This all resulted in a dedicated brand growth model, indicating the performance of the brand in specific markets and for specific segments.


4. Make them adaptive and modular

What do you think is the average length of a brand tracker survey? 15 minutes? Think again.

More than 30 minutes is no exception today, unfortunately. A modular approach – in which modules are switched on and off based on stakeholders’ needs – can help brands to choose wisely as to what to include while preventing participant fatigue. It provides the flexibility to tune your trackers to the current marketing reality. This flexibility also helps maintain the attention of executives and spur their curiosity to learn something new with each measurement and reporting wave.




5. Limit your question’s time frame

Many tracker questions rely on information recall. Depending on a question’s time frame, it can be hard for people to provide an accurate answer, resulting in imperfect and thus unreliable input. Trackers must avoid questions which require thinking too far back in time. As a guideline, try to use the repurchase time frame of your product or service.


6. Measure in relevant context or moments

Especially when consumers (could) connect with your brand via different touchpoints, make sure your survey is available throughout those touchpoints, allowing consumers to provide in-the-moment feedback. This is exactly what SkyTeam has done in their quest to become more customer-centric. By means of geolocation technology, customer feedback is captured across eight touchpoints for 20 airlines in over 1,000 airports worldwide. The app triggers customer feedback while people are in the actual experience. When evaluating a touchpoint negatively or positively, open-ended questions probe for the ‘why’, and customers can even upload a picture. For SkyTeam, the tracker shows their passengers’ reality, allowing the airline group to address shortcomings immediately.


7. Contextualise for advanced actionability

Your tracker might provide a hard-core metric, but it often won’t explain the why behind it. To boost your tracker’s actionability, adding context is advisable. This can be done by using complementary methods such as an insight community. SkyTeam, for instance, complements its tracker results with the input from its Jet Setters online research community and by connecting with passengers in real life.

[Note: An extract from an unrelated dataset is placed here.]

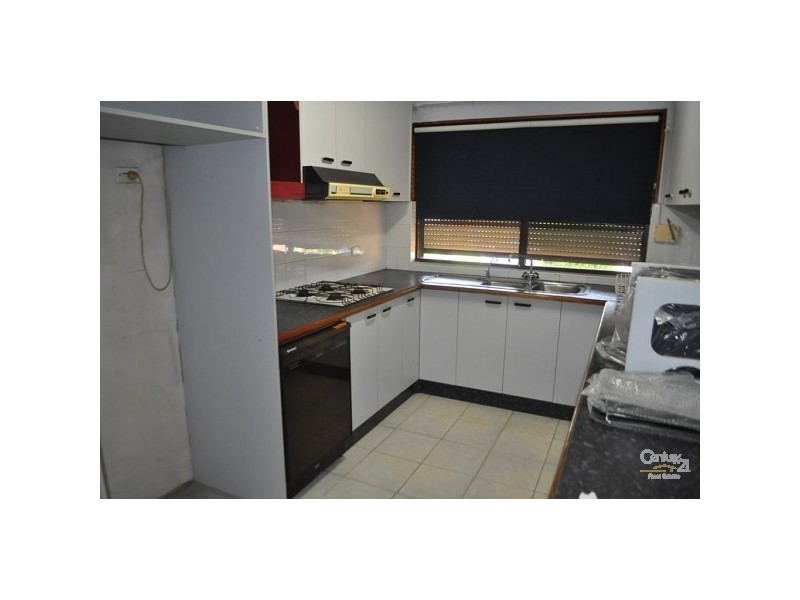 Edensor Park NSW 2176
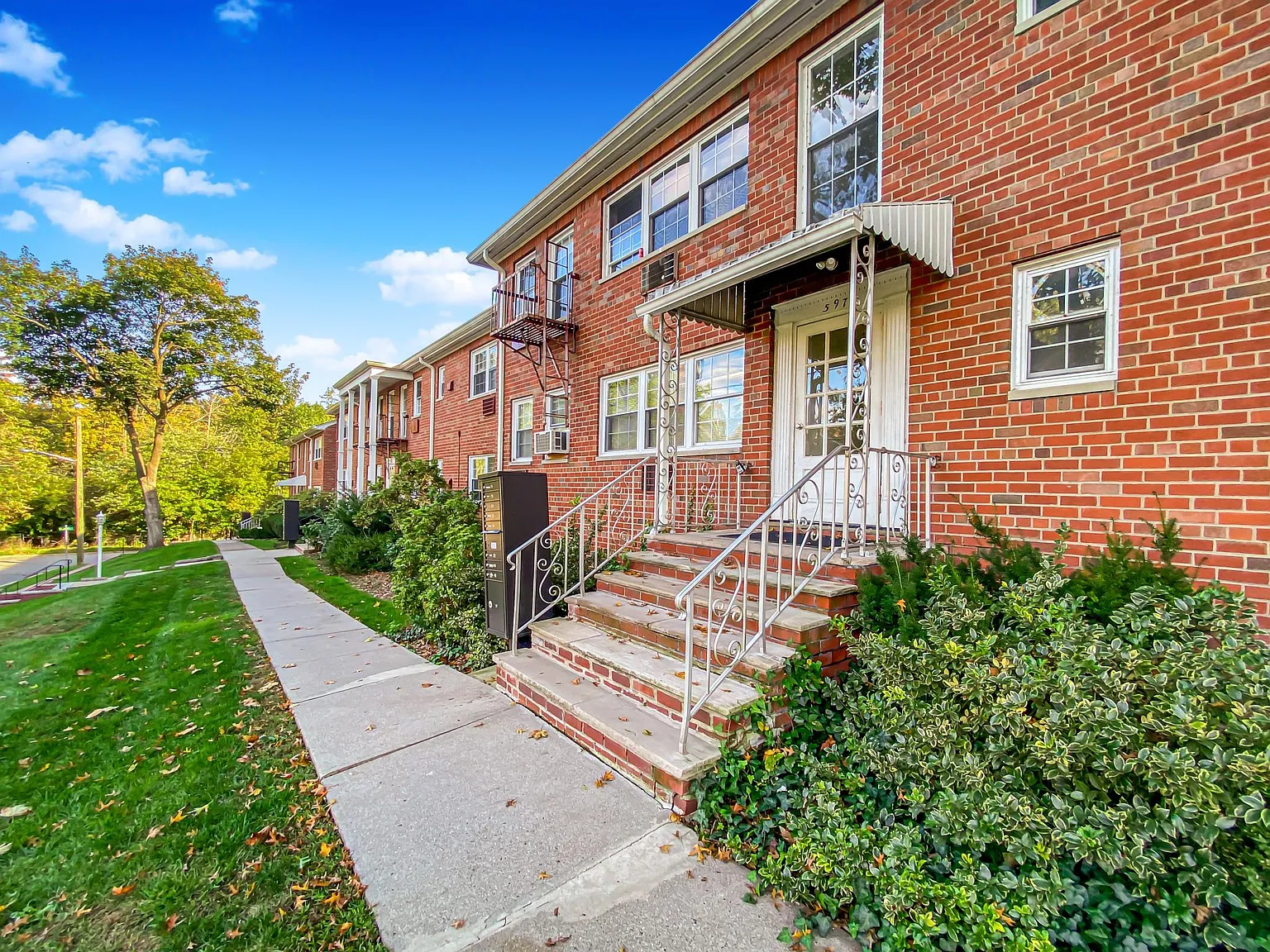 1 bed, 1500 sqft, $1,850 — Photo 1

In summary, to ensure that a brand tracker becomes a true management tool, you should not track for the sake of tracking. Trackers need to use clear consumer language, be aligned with the brand’s strategy, be adaptive and modular, include a limited time frame, measure in the moment and be contextualised. Only then do they have the potential to become a ‘radar’ which helps executives spot and solve issues before these become a real problem.